超硬パンチ

超硬パンチとは

超硬パンチ

超硬パンチ (英: everloy-cemented-carbide punch tool) とは、超硬合金で作られ、材料に押しつけて穴開けなどに使われる工具です。

ポンチや雄型とも呼ばれます。超硬合金の一例は、炭化タングステン (WC) と炭化チタン (TiC) を鉄に添加し、結合剤としてコバルト (Co) 粉末を用いて、加圧成型で1,300~1,500℃の高温で焼結した合金です。

即ち、押し固めて、材料を融点近くで熱することにより、密着し固結した合金金属になります。超硬パンチは、耐摩耗対策として使われる非常に硬く熱に強いパンチです。通常のパンチ材 (SKD11相当) は、1,330℃付近の摩擦熱で、パンチの刃先がだれ始めて切れが悪くなります。

超硬パンチの使用用途

超硬パンチは、金型、自動機、精密機械、実験装置などの部品加工に広く使用されています。超硬合金金属のパンチであるため、耐摩耗対策が主な目的です。

精密金型に用いられることが多く、プレス金型用のパンチとして使われます。摩耗による寸法変動が少ない超硬パンチを使うことで、安定した寸法の維持が可能です。

超硬パンチは、耐摩耗性に優れており、圧縮応力には強いもの、引っ張り応力に弱いため使用する場合には、パンチ保持部の強度を上げる必要があります。

1. 粉末冶金用金型

超硬パンチは、粉末冶金用金型の製造に使われ、エンジンや変速機などの部品加工に使用されます。高精度の加工が可能で、生産性向上につながります。

2. 精密プレス金型

高精度のパンチ・ダイにより、プレス金型として自動車部品や電子部品の製造に使用されます。

超硬パンチの原理

切削工具用の超硬合金は、P種、M種、K種の3つの用途分類があります。

1. P種

P種は耐熱性や耐溶着性が優れており、TiC,TaCなどを多く含みます。特にクレーターや熱亀裂といった熱的損傷に強い合金です。鋼や合金鋼、ステンレスなどの加工に使われます。

2. M種

M種はTiC,Taなどを適度に含み、熱的、機械的損傷ともに強い合金です。ステンレスや鋳鉄、ダクタイル鋳鉄などの加工用です。

3. K種

K種は強度に優れるWC主体の合金で、特にすきとり磨耗のような機械的損傷に強い特性があります。鋳鉄や非鉄金属、非金属などの加工に使われます。

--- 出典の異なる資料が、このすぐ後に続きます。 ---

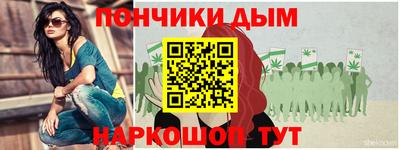 mdma Камышлов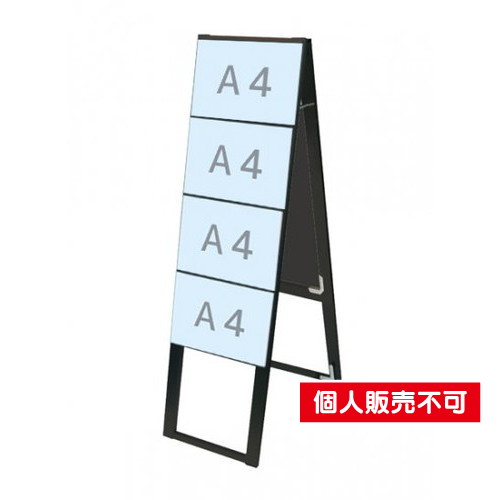 ブラックカードケーススタンド看板，A4横8両面ハイ，BCCSK-A4Y8RH の商品画像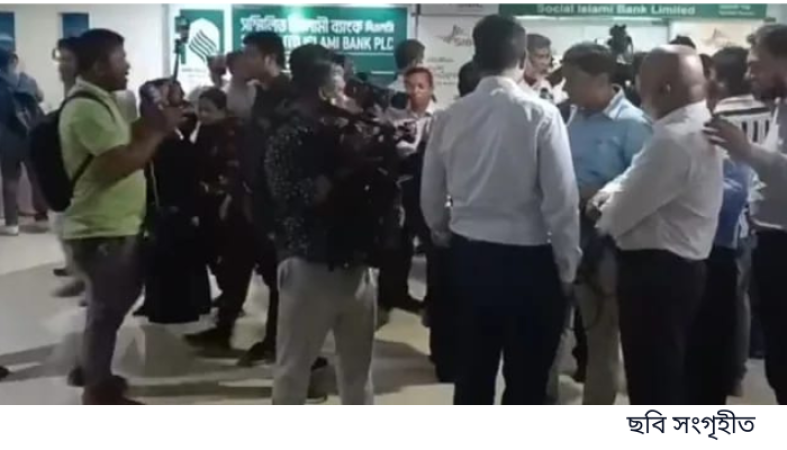 ​আমানতের হাহাকারে উত্তাল আগ্রাবাদ: পাঁচ ব্যাংকে গ্রাহকদের তালা, দিশেহারা ব্যাংক কর্মকর্তারা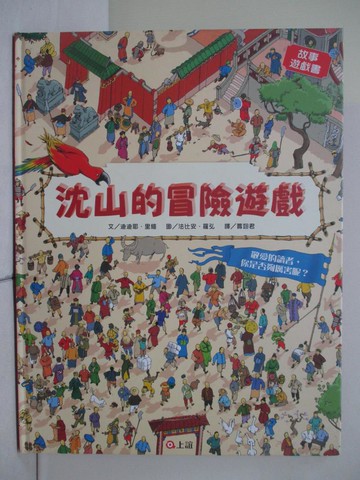 【書寶二手書T3／少年童書_RH3】沈山的冒險遊戲_迪迪那．里維,  賈翊君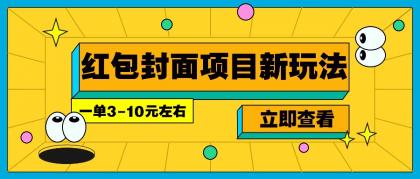 每年必做的红包封面项目新玩法，一单3-10元左右，3天轻松躺赚2000+-颜夕资源网-第14张图片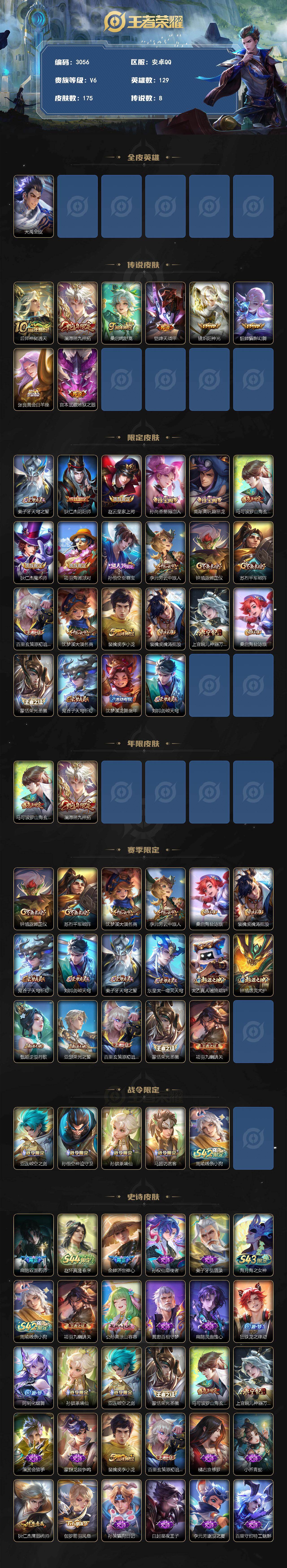 WZLX4572710王者荣耀账号详情图2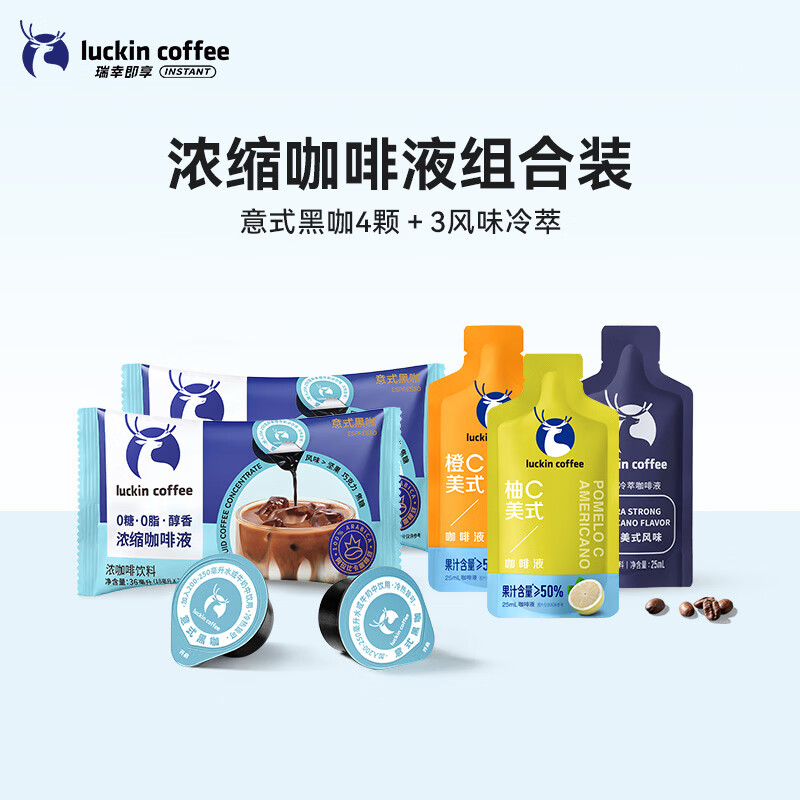 瑞幸咖啡意式黑咖4颗 冷萃咖啡液3袋 29.9元，瑞幸咖啡果C系列浓缩咖啡液1盒共9杯 36.9元 - 线报酷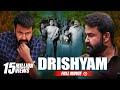 Drishyam New Hindi Dubbed Full Movie | Mohanlal, Meena, Ansiba Hassan, Asha Sarath | 4K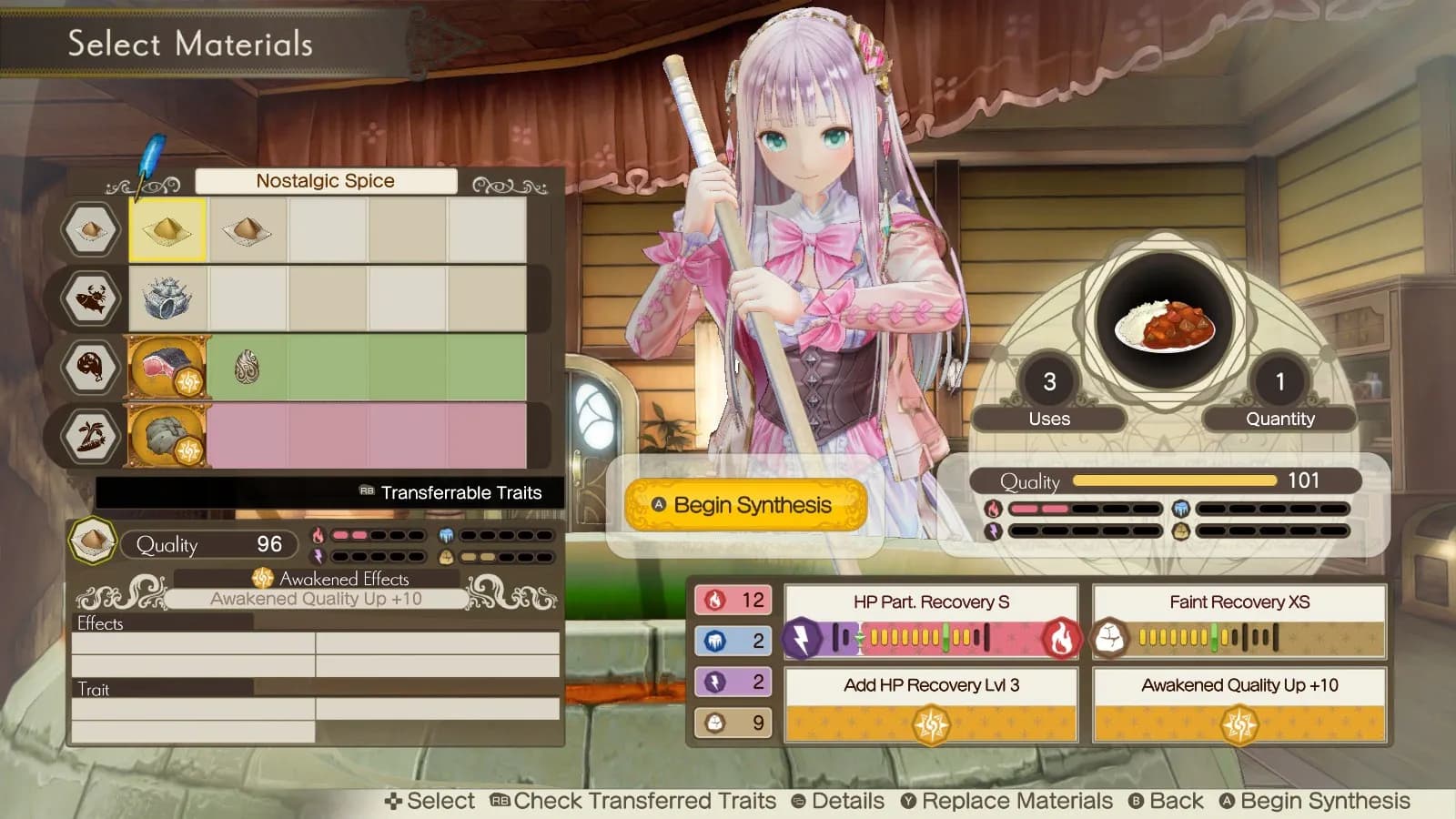 Atelier Lulua ~The Scion of Arland~ — скриншот 5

一方、硬いがために、ねばさが少なく折れやすい性質もあります。圧縮には強いですが、引っ張りや横からの力には弱いです。

超硬パンチの特徴

工具や金型には、加工する材質より数倍の硬さが必要です。硬度に優れた超硬合金は、工具や金型の用途に適しています。

超硬合金は切削工具の材料として開発され、鉄の2倍の重量があります。金と同等の比重を持っていることが特徴です。さらに、硬度だけでなく、強度や弾性に優れ、高温時の硬度低下も少ないのもメリットです。したがって、超硬合金は切削工具の素材として適した特性を有しています。

成形金型で使われる超硬パンチは、超微粒子超硬合金を使用しています。加工は円筒検索とプロファイル研削を組み合わせて行い、精度は5μm程度です。さらに、先端部の端面と表面をラップ処理して、面粗度を良くしています。

超硬パンチの種類

1. 小径パンチ (φ~9.9mm)

小径先端ランド部などの微細形状加工も可能です。径0.1mm程度のパンチが可能です。精密冷間鍛造、穴抜き、パイロットピン等に使われます。材質は、SKH51、HAP-40等のハイス鋼であり、微粒・超微粒系超硬合金です。

2. 中径パンチ (Φ10mm~)

精密冷間鍛造に最も適した大きさのパンチです。精密冷間鍛造、穴抜き等に使われます。材質は、SKH-51、SKD-11等のスチール鋼を使い、微粒・中粒・粗粒系超硬合金です。

3. 太径長尺パンチ (~Φ50mm)

圧造成形による深穴加工では、製品精度を維持するために超硬パンチを使い、精密冷間鍛造用です。微粒・中粒・粗粒系超硬合金です。